NWB files can be loaded with :
nwb = nap.load_file("path/to/my.nwb")
or directly with the NWBFile
class:
nwb = nap.NWBFile("path/to/my.nwb")
print(nwb)
my.nwb
┍━━━━━━━━━━━━━━━━━┯━━━━━━━━━━━━━┑
│ Keys │ Type │
┝━━━━━━━━━━━━━━━━━┿━━━━━━━━━━━━━┥
│ units │ TsGroup │
┕━━━━━━━━━━━━━━━━━┷━━━━━━━━━━━━━┙
The returned object behaves like a dictionnary. The first column indicates the keys. The second column indicate the object type.
print(nwb['units'])
Index rate location group
------- ------ ---------- -------
0 1.0 brain 0
1 1.0 brain 0
2 1.0 brain 0
Overview of advanced analysis#
The process
module of pynapple contains submodules that group methods that can be applied for high level analysis. All of the method are directly available from the nap
namespace.
Important
Some functions have been doubled given the nature of the data. For instance, computing a 1d tuning curves from spiking activity requires the nap.compute_1d_tuning_curves
. The same function for calcium imaging data which is a continuous time series is available with nap.compute_1d_tuning_curves_continuous
.
This module computes correlograms of discrete events, for example the cross-correlograms of a population of neurons.
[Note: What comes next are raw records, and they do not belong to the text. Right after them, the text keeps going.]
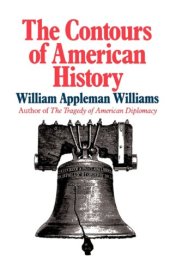 book The Contours of American History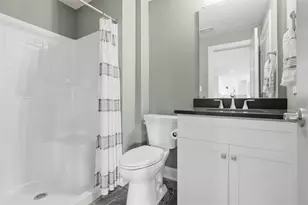 5002 Parkside Dr, Oakdale, PA 15071 - Photo 40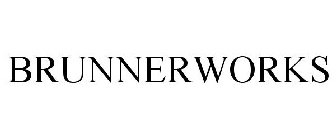 BRUNNERWORKS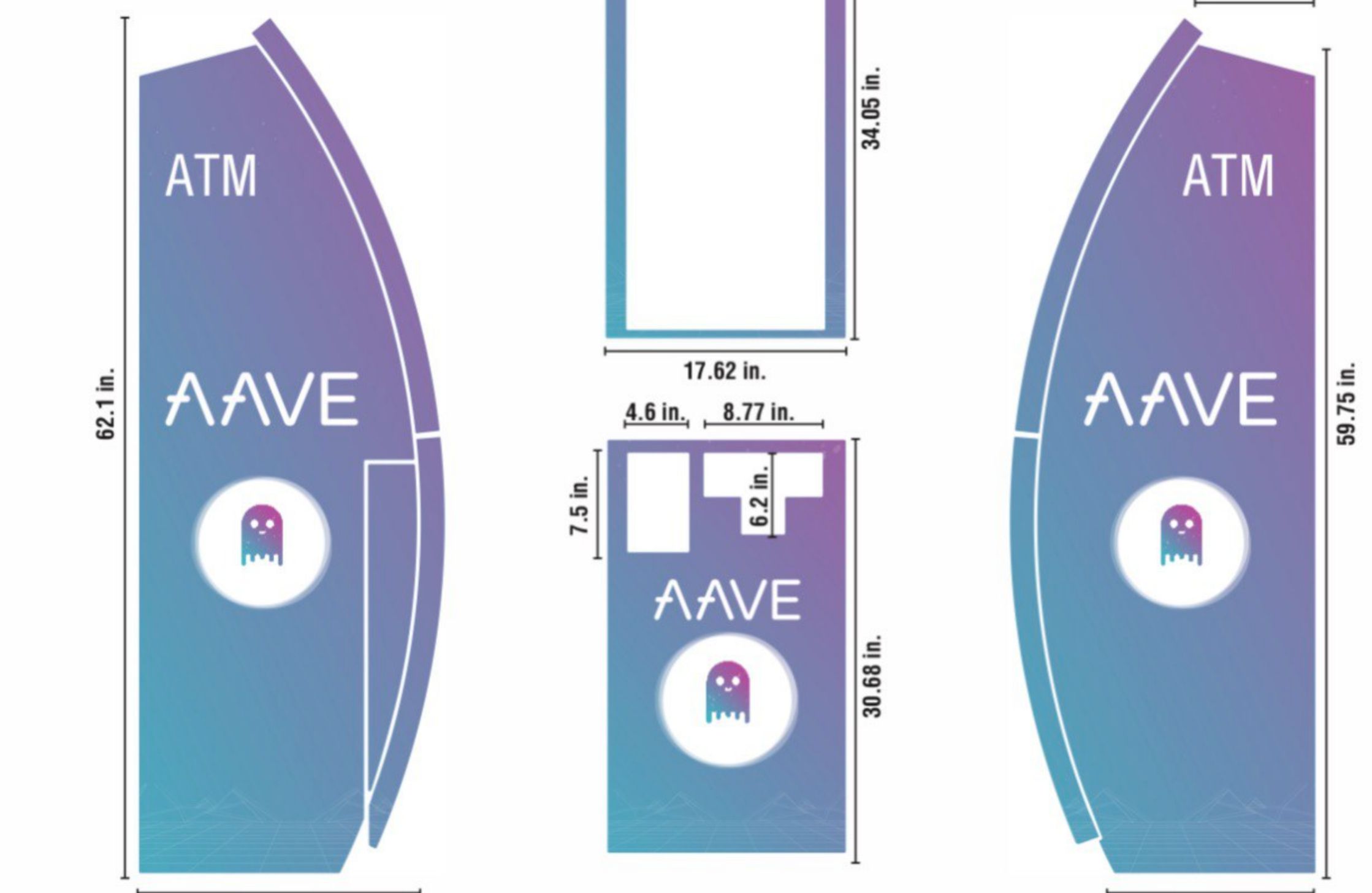 AAVE-Teller-Machine banner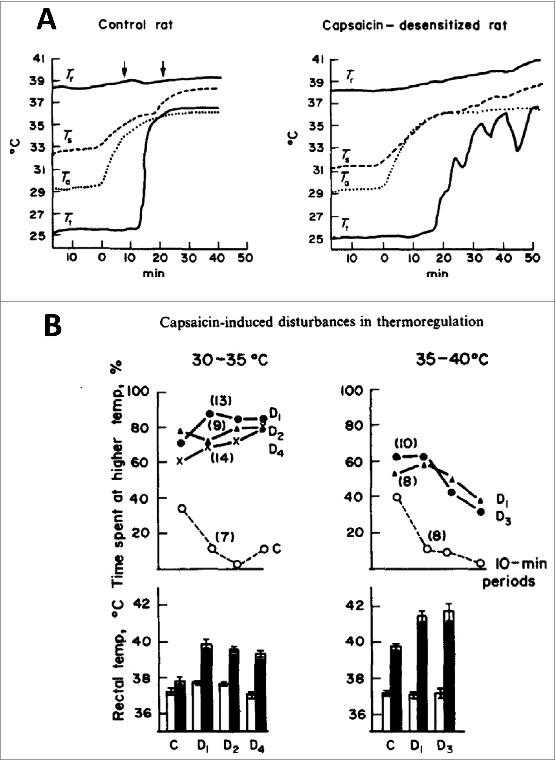 https://cdn.ncbi.nlm.nih.gov/pmc/blobs/f72f/4843897/3ee91e44bc21/ktmp-02-02-1048928-g003.jpg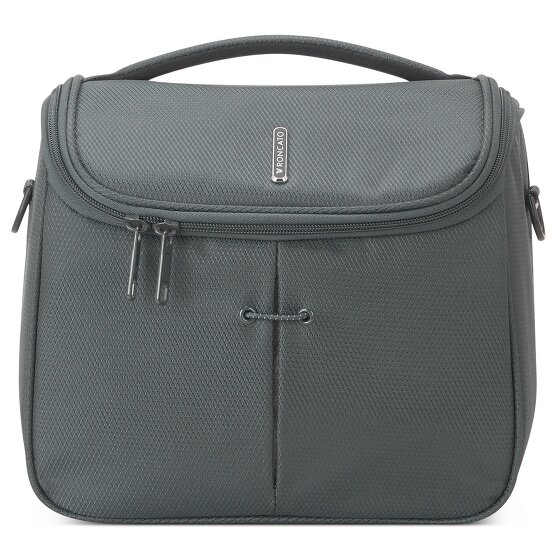 Roncato Ironik 2.0 Trousse de toilette 28 cm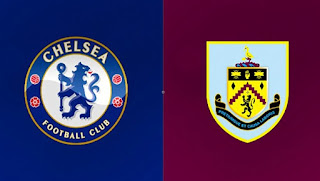 Chuyên gia soi kèo Chelsea vs Burnley (Premier League - 12/8/2017) Chelsea1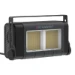 Scangrip Bouwlamp Site Light 80 8000lm - met transportkoffer
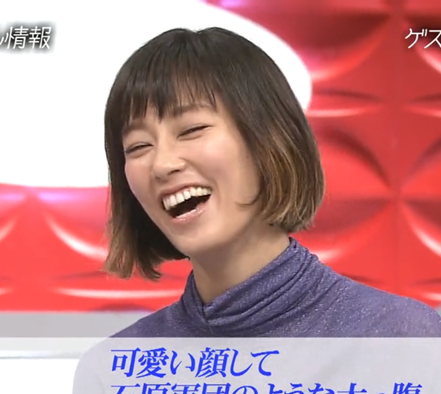 断奶女性没有来月经,是否代表一切正常?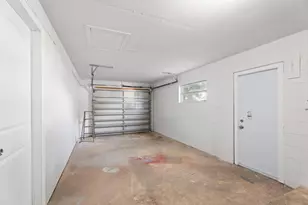 303 Essex Dr, Fort Pierce, FL 34946 - Photo 18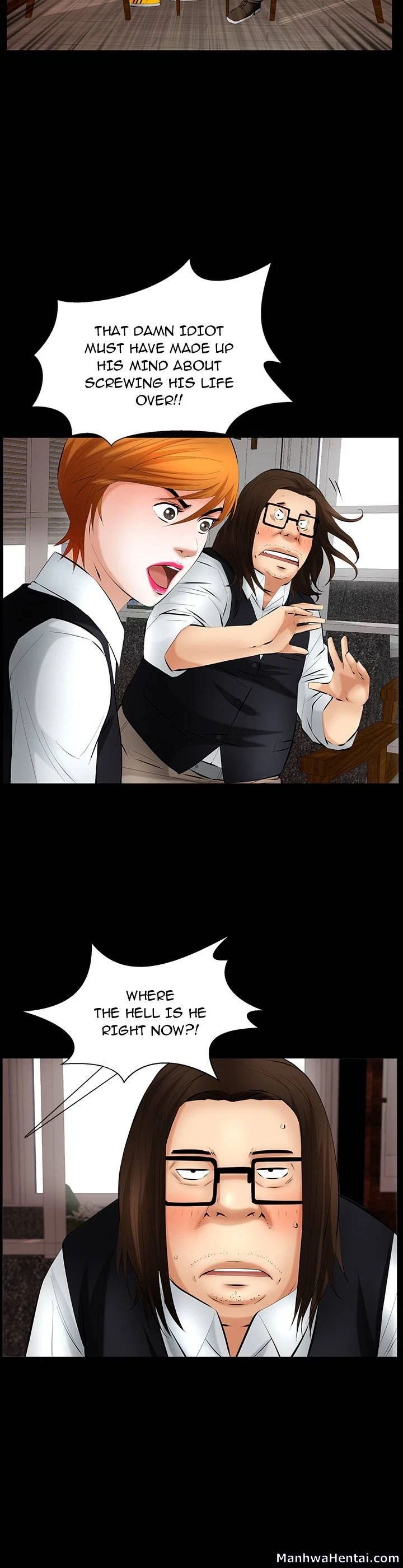 Chapter 25, page 23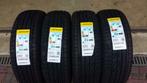 Nieuwe zomer 175/65R14  165/65R14  175/65R15 165/6015 tyre, Enlèvement, Neuf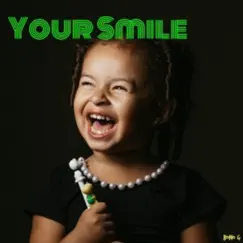 Your Smile - Single by Bono G album reviews, ratings, credits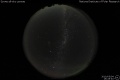 2010/5/4 16:45’40”
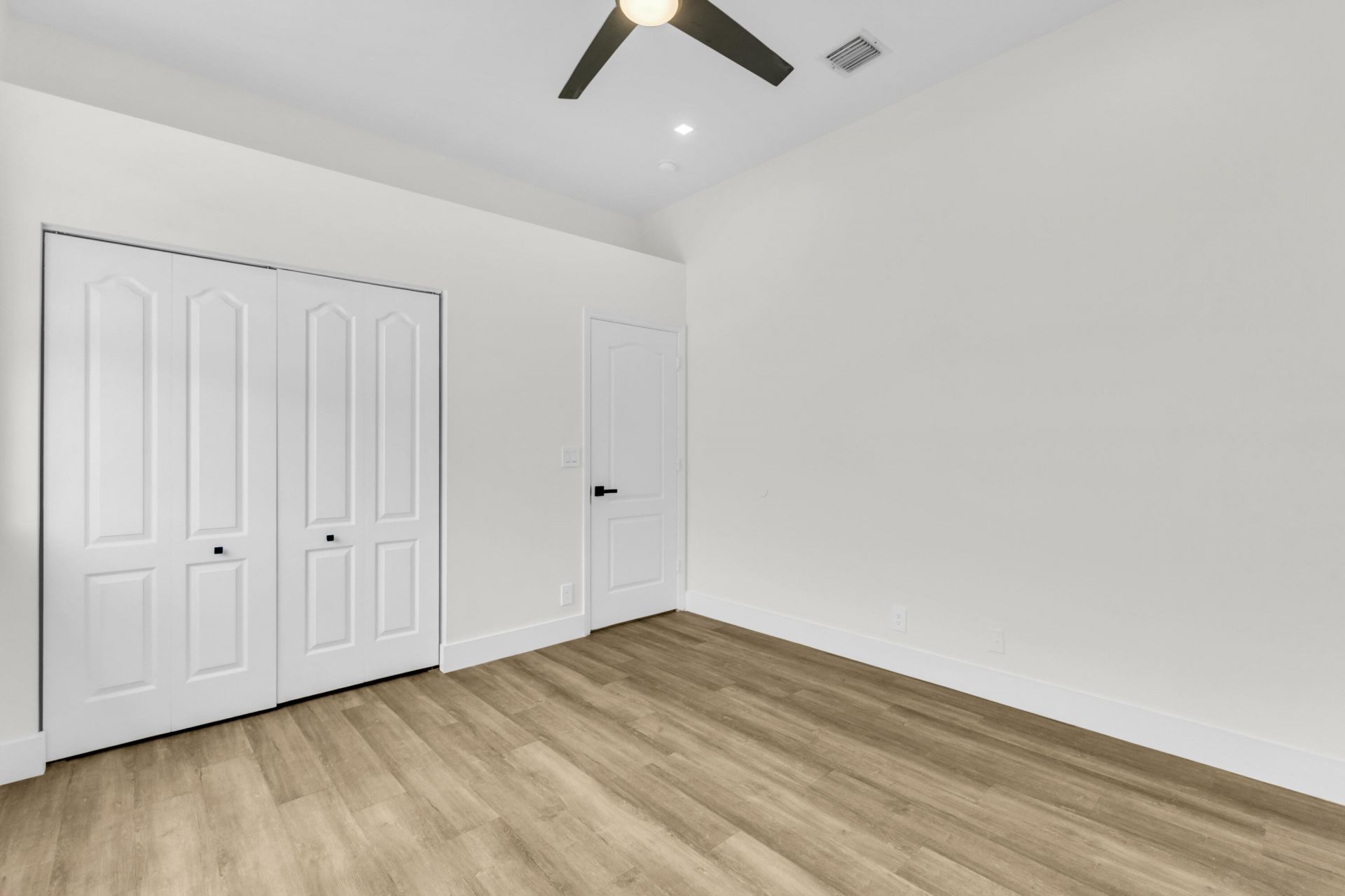 1521 SW 186th Avenue, Pembroke Pines, FL 33029 Photo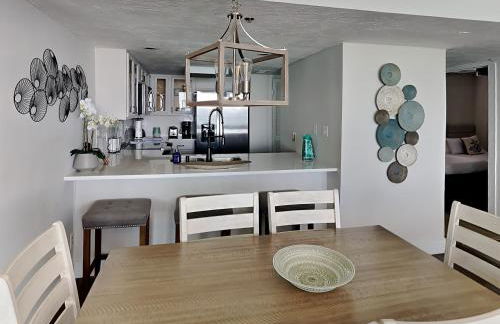 One Seagrove Place by Southern Vacation Rentals - Foto 54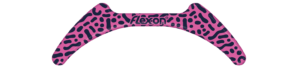 Animal_Pink
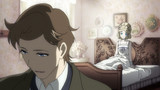 The Mystic Archives of Dantalian Episode 10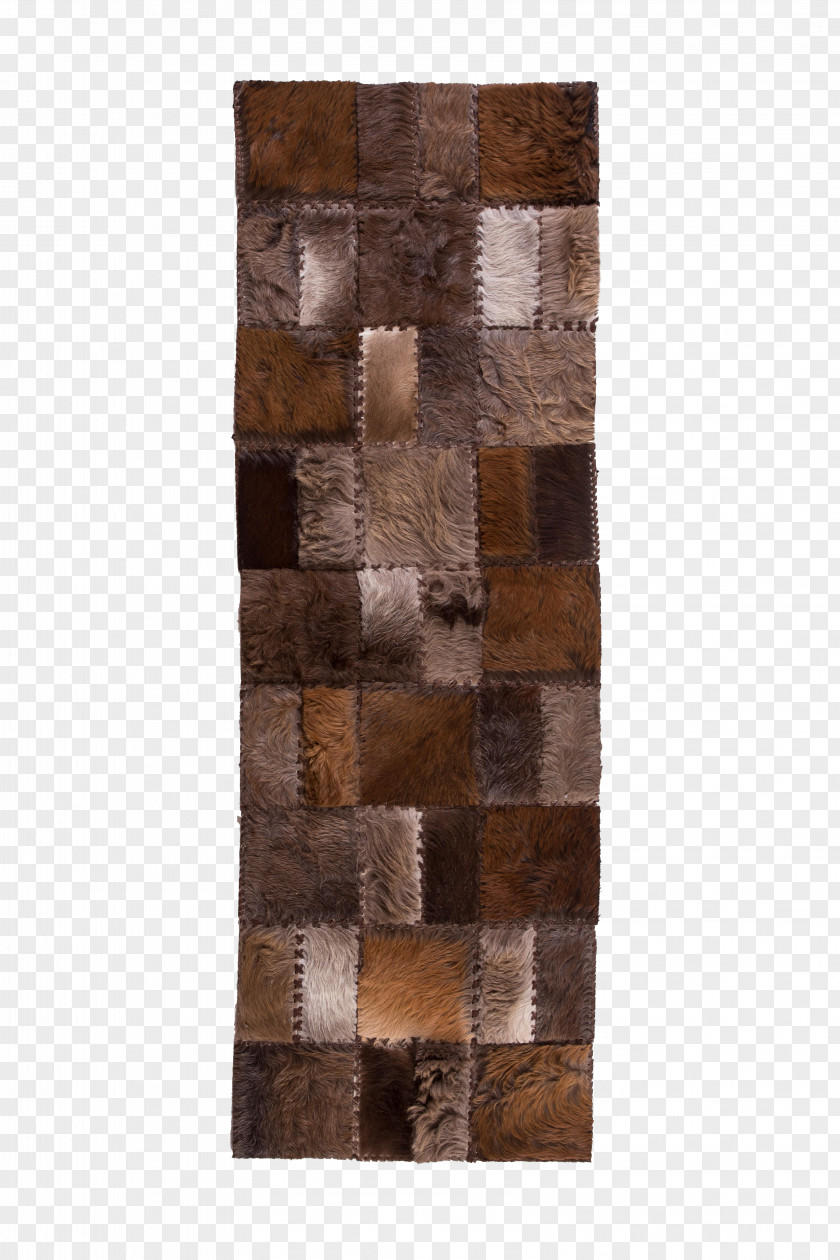 Patchwork Wood /m/083vt Brown Flooring PNG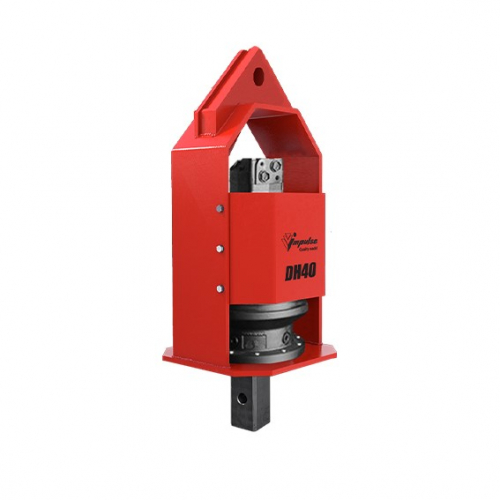 Impulse DH40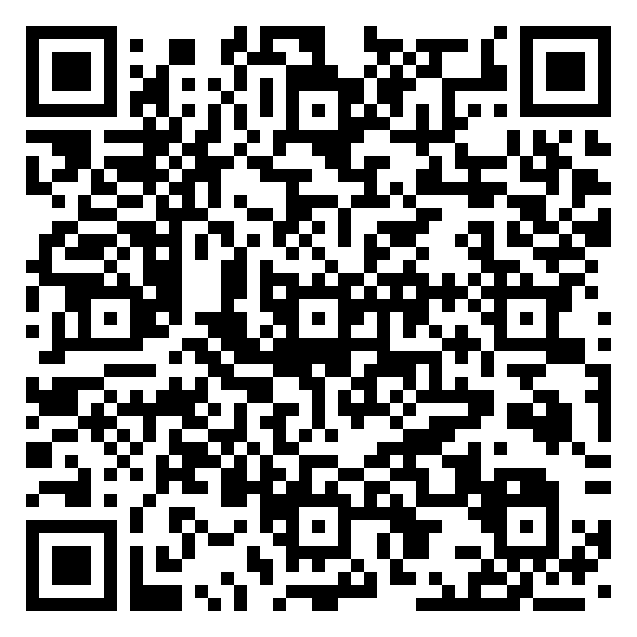 kod QR z danymi kontaktowymi 30077555900000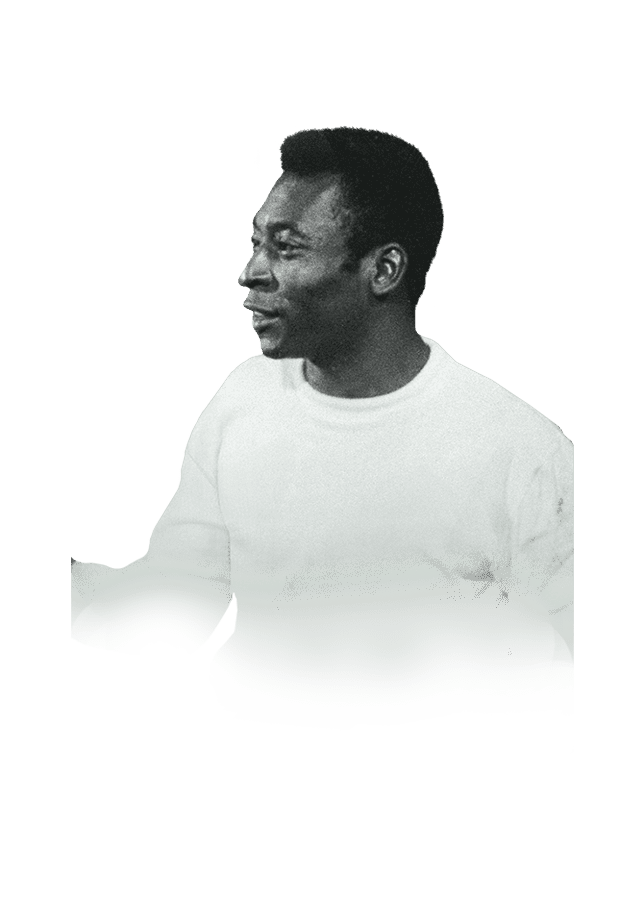 PelÃ©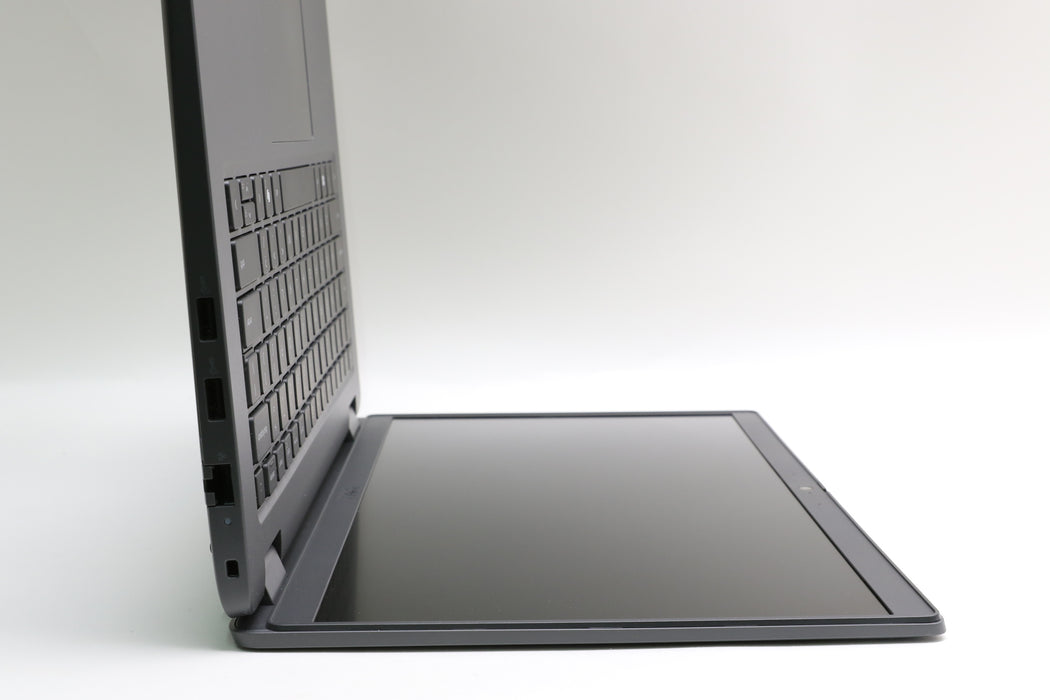 100%BATT 15.6" Dell Latitude 3450, i5-1335U, 8GB, 256GB SSD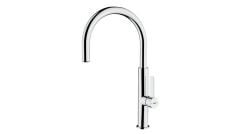 TEKA FOT 995 KROM ARMATÜR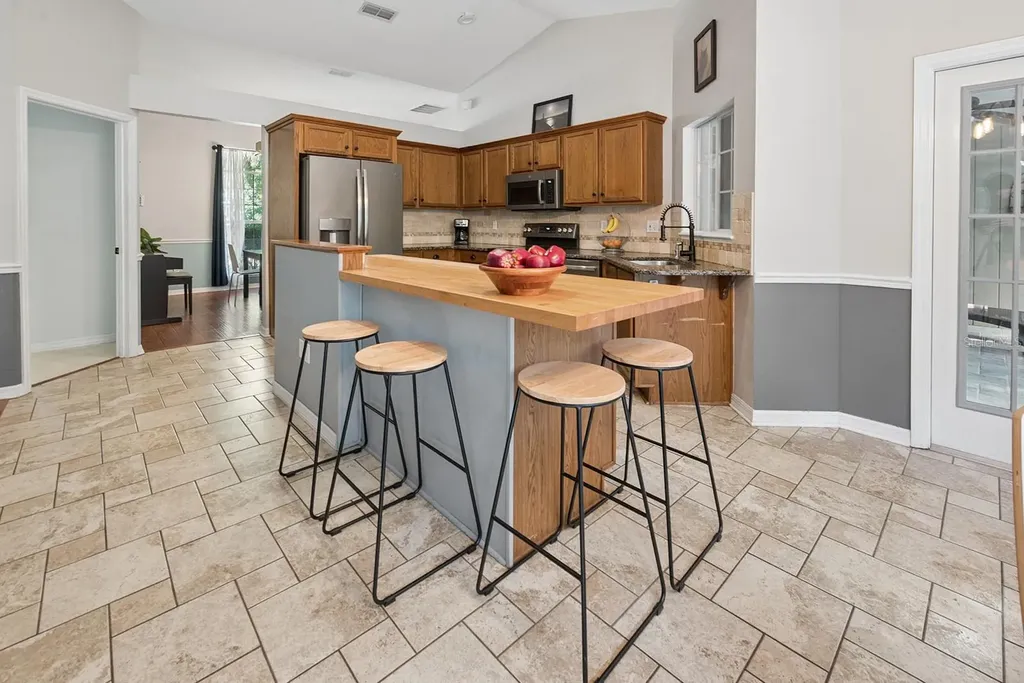 6924 SW 80th Drive Gainesville FL 32608
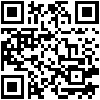 https://lib.uofallujah.edu.iq/ar/node/33715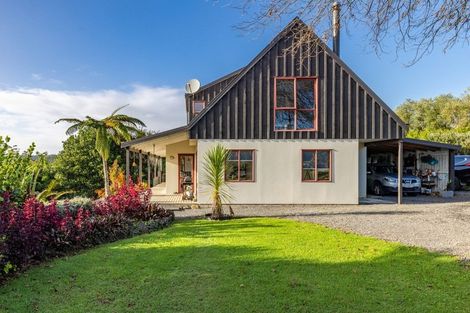 Photo of property in 25 Peihana Rise, Kerikeri, 0230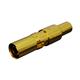 Molex / FCT 173112-0455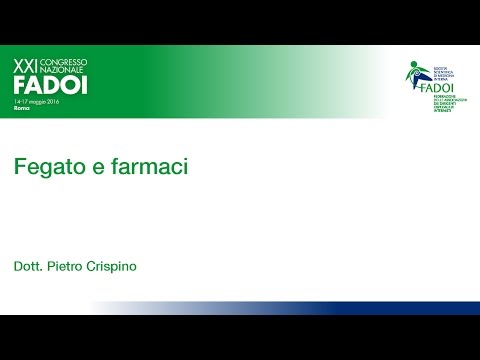 Cura di alcolismo di targa Preghiere per un appezzamento da alcool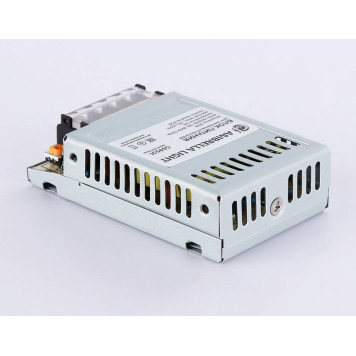 Блок питания Ambrella Light LED Driver GS9501-2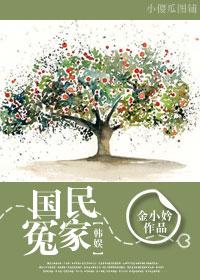 Korean entertainment national enemy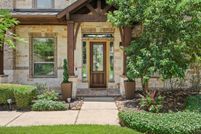 Land for sale in Harris County, Texas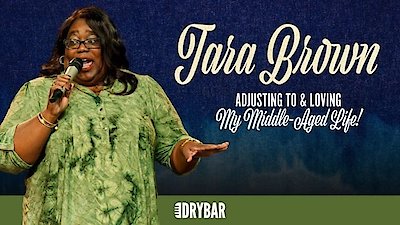 Dry Bar Comedy Season 7 Episode 37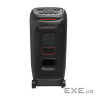 Акустична система JBL PartyBox 520 Black (JBLPARTYBOX520EU)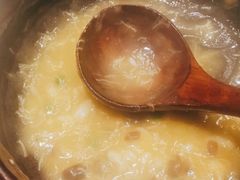 -妈妈菜舟山海鲜(定海古城店)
The decoding module perfoms bayesian decoding given a set of tuning curves and a TsGroup
.
Bandpass, lowpass, highpass or bandstop filtering can be done to any time series using either Butterworth filter or windowed-sinc convolution.
The perievent module has a set of functions to center time series and timestamps data around a particular events.
The randomize module holds multiple technique to shuffle timestamps in order to create surrogate datasets.
The spectrum module contains the methods to return the (mean) power spectral density of a time series.
Tuning curves of neurons based on spiking or calcium activity can be computed.
The wavelets module performs Morlet wavelets decomposition of a time series.